There is a debate boiling on how to help cities pay for the cost of funding drinking water and wastewater infrastructure improvements.
Nov. 1, 2003
3 min read

By James Laughlin

There is a debate boiling on how to help cities pay for the cost of funding drinking water and wastewater infrastructure improvements. One suggestion that's causing a rift in the industry is the concept of a federal water tax.

While everyone agrees that there is a huge need for additional funding for water infrastructure, there is little agreement on how that need should be filled. Members of the Water Infrastructure Network have called for the establishment of a federal trust fund to provide an automatic appropriation for water infrastructure, but again, how to fund that appropriation is unclear.

The Association of Metropolitan Sewerage Agencies has suggested that some sort of tax on water might be the answer. In the last few months the association has released two papers that discuss funding mechanisms for wastewater infrastructure.

AMSA argues that wastewater treatment systems have an impact far beyond the borders of a specific city or town, especially in this age of watershed management. As an example, the association talks about a generic city upstream from a sensitive estuary and public beach.

With no wastewater treatment, the city pays nothing, but pollution could destroy the ecosystem and drive people away from the beaches. On the other hand, properly treating the wastewater is a financial burden for the city and its residents.

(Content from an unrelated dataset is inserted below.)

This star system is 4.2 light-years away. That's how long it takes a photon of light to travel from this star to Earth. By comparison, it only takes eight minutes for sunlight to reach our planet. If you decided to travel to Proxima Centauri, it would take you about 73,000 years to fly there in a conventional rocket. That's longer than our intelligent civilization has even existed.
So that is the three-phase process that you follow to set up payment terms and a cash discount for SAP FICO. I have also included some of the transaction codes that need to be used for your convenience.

Is it fair to make the city's residents pay the full cost of preserving an ecosystem that other, non-paying citizens enjoy?

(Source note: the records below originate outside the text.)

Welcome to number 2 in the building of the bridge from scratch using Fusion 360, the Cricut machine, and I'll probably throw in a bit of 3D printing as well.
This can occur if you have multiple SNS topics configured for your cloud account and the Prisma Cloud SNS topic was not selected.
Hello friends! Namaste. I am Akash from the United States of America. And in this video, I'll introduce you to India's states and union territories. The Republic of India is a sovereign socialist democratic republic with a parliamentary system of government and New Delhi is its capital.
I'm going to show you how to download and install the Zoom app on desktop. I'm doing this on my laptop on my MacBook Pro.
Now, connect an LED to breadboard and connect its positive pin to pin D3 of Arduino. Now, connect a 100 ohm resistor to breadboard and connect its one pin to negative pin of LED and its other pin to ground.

AMSA compares wastewater – and its associated watershed management – to highways, transit systems, airports, and inland waterways, all of which are supported by federal tax dollars.

A water tax is not a new idea. Other countries and some regions have such a tax. And there's no doubt a water-use tax could raise a significant amount of money. By some estimates, Americans use 25 trillion gallons of water a year. Even at $1 per thousand gallons, such a tax could generate far more than the estimated "gaps" that exist in current funding for water infrastructure.

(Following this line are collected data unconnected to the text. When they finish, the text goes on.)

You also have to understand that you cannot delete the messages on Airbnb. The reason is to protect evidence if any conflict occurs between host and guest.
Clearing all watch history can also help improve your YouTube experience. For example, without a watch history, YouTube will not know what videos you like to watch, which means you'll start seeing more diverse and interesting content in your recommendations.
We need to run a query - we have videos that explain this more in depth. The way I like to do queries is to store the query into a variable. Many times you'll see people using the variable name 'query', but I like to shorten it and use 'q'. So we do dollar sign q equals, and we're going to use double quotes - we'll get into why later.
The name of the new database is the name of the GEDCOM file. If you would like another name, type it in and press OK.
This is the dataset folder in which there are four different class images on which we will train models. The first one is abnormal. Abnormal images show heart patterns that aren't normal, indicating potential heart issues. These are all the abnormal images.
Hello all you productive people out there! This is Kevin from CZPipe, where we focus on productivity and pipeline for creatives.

Sounds like a reasonable idea, right? Of course, the money would sink into a federal bureaucracy and would be a nightmare to administer. And the money filtering back to the individual utilities would no doubt come with strings attached – in the form of onerous federal rules.

And what about drinking water? I don't know that the same arguments in support of a wastewater tax apply for drinking water. Typically, drinking water is used and financed locally. Yet, in many ways, the need is just as great.

Drinking water associations, however, are very much opposed to a tax on drinking water. The American Water Works Association, the Association of Metropolitan Water Agencies and the National Rural Water Association have all come out against such a tax.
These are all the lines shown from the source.